Economic profit overview

Despite these challenging circumstances, banks in Europe have managed to achieve relatively steady growth over the last decade. A major factor responsible for this recovery has been the support provided to the banking sector from investors to manage the €1 trillion of non-performing loans that continue to plague the European market.

However, the sector appears to have hit another bump in the road, according to The Boston Consulting Group (BCG), one of the world’s largest strategy consulting firms. The firm recently released a report into the current conditions in the industry, titled ‘Future-Proofing the Bank Risk Agenda’, which suggests that the profits of the banking sector have weakened for the first time in half a decade. 
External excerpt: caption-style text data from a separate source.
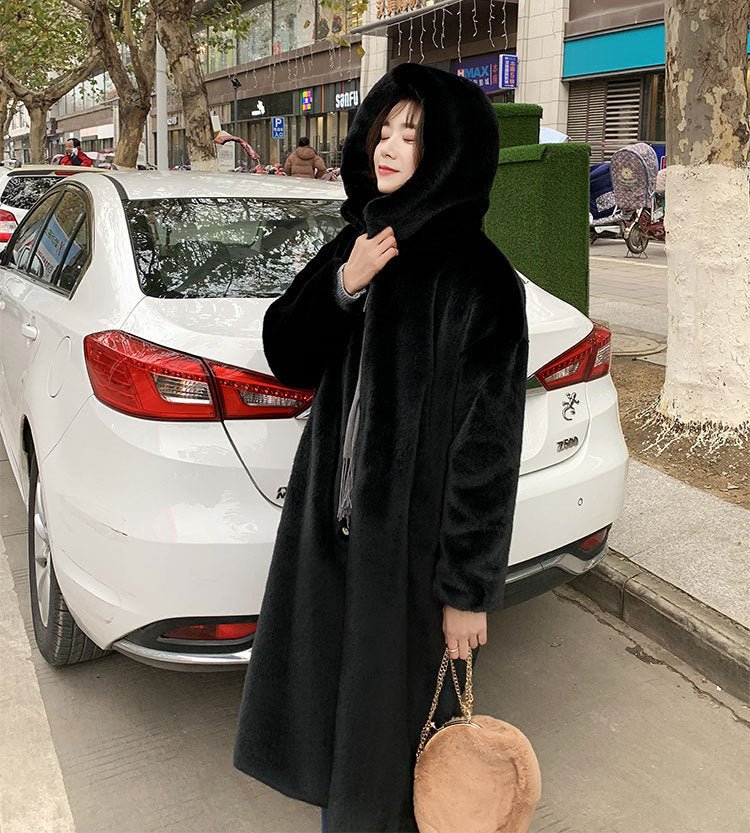 Faux fur mink women plush coat - Babyvera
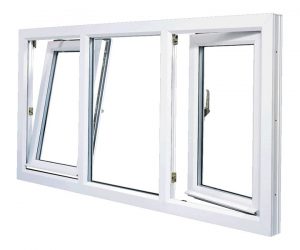 A window frame in tilt and turn open positions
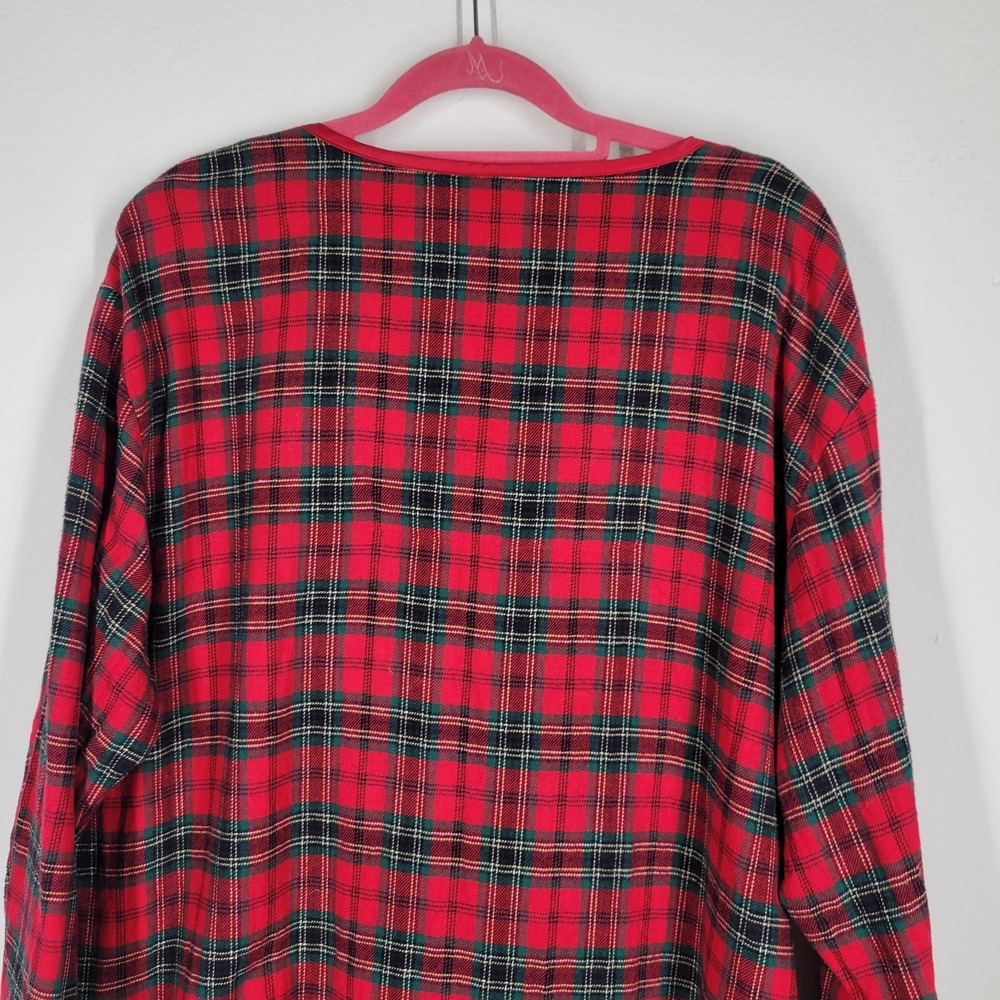 Vintage 1999 Warner Bros Looney Tweety  Flannel Plaid Sleep Pajama Dress‎ MED - Picture 5 of 7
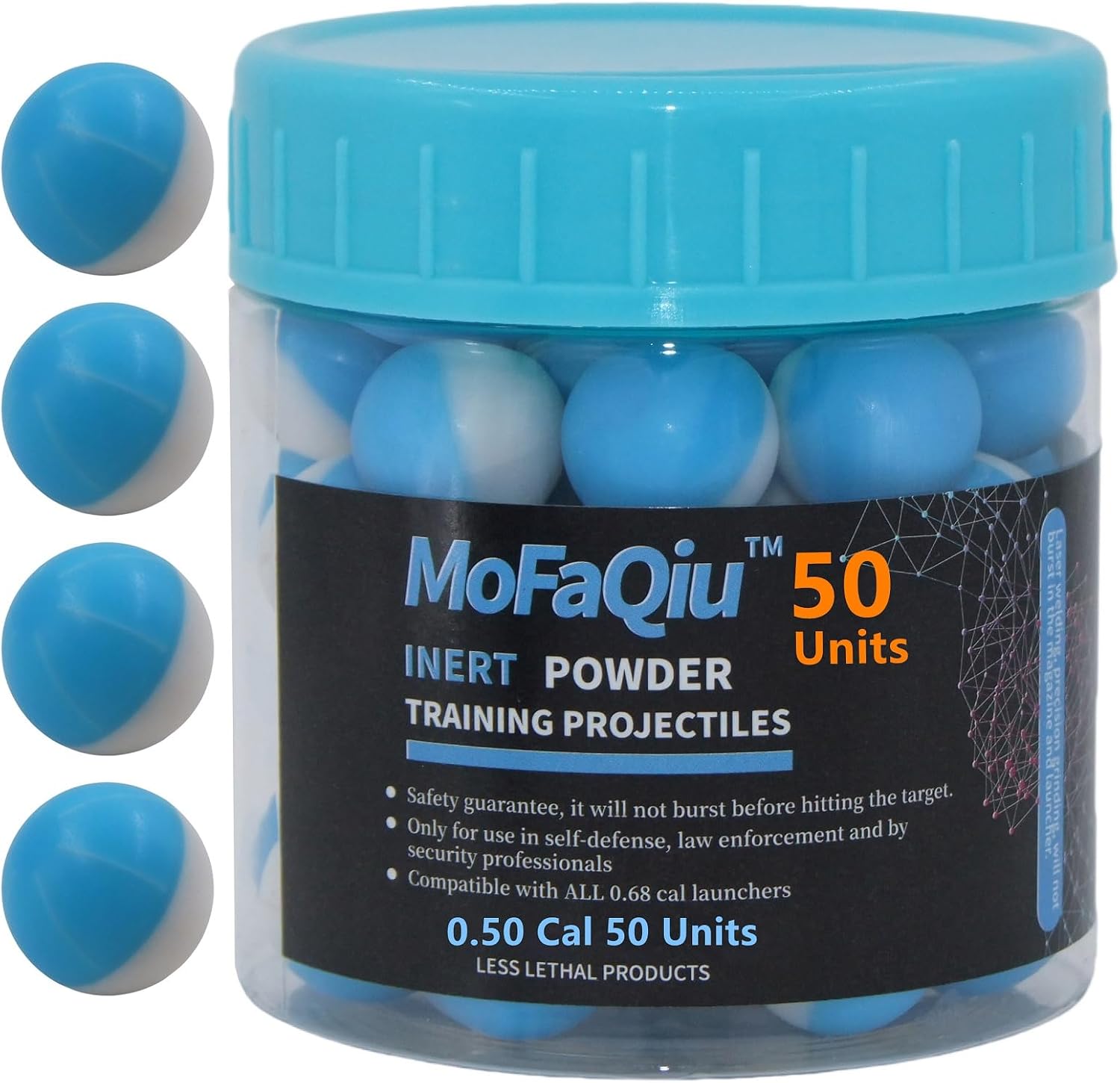 MoFaQiu.50 Cal Inert Ball,Fracture Groove Design,Laser Welding,for Training Paintball,Pepper Practice Balls, Pepper Training Ball, Compatible All .50 Cal Pepper Ball launchers (50 Count)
Banking on economic profit

The financial crisis was a monumental moment in history for banks that survived, many of which were nationalised, as bad debts brought them to their knees. As a consequence of the financial system’s irresponsible risk taking, regulators saw fit to implement a raft of new rules to limit the chances, and consequences, of a new crisis.

Non-performing loans

The implementation of the new rules, as well as wider litigation that followed from the crisis and subsequent scandals, has continued to affect the industry. BCG’s analysis shows that economic profit was hard hit – particularly in Europe and the US – in the years following the crisis. Very low interest rates, and fees pressures, have further hampered banks’ ability to generate net interest margins and, therefore, profits.

In Europe, for instance, economic profit generated, relative to their global average on a basis point basis, has remained in the negatives, ranging from -40 in 2012 to -26 in 2016. In the US, growth in EP’s positive climb out of the -11 basis points seen in 2012 declined in 2016, falling from 31 in 2015 to 27. The Asia Pacific also saw a decline between 2015 and 2016 – on the back of net interest income decline and increased risk and operating costs. Across all markets, economic profit fell by 5 basis points between 2015 and 2016, to 11.

Economic profit insight

European banks, particularly in Southern EU countries, remain blighted by non-performing loans. In Europe, the write off of many of the loans has been relatively slow, with average write offs relative to loan values as a % in the order of 1%. The US, meanwhile, sought to clear its non-performing loan portfolio more quickly, with write offs relative to loan volumes ranging from 5.2% in 2009 to a recent low of 0.8% in 2016. 

Closer look at economic profit

In terms of impact on economic profit for banks in Europe, weak fee income and low net income margins – as well as increasing operating costs – have impacted economic profit the most in 2016. The decline in net interest was the most impactful of changes for the period.

In the US, declines in trading and other sources of income offset improvements to operating costs for 2016, resulting in a small decline of 4 basis points. The Middle East and Africa was relatively stable in terms of operating cost in the most recent period, while net interest margins saw positive growth to see the region remain relatively stable to the year previous at around 50 basis points in the positive.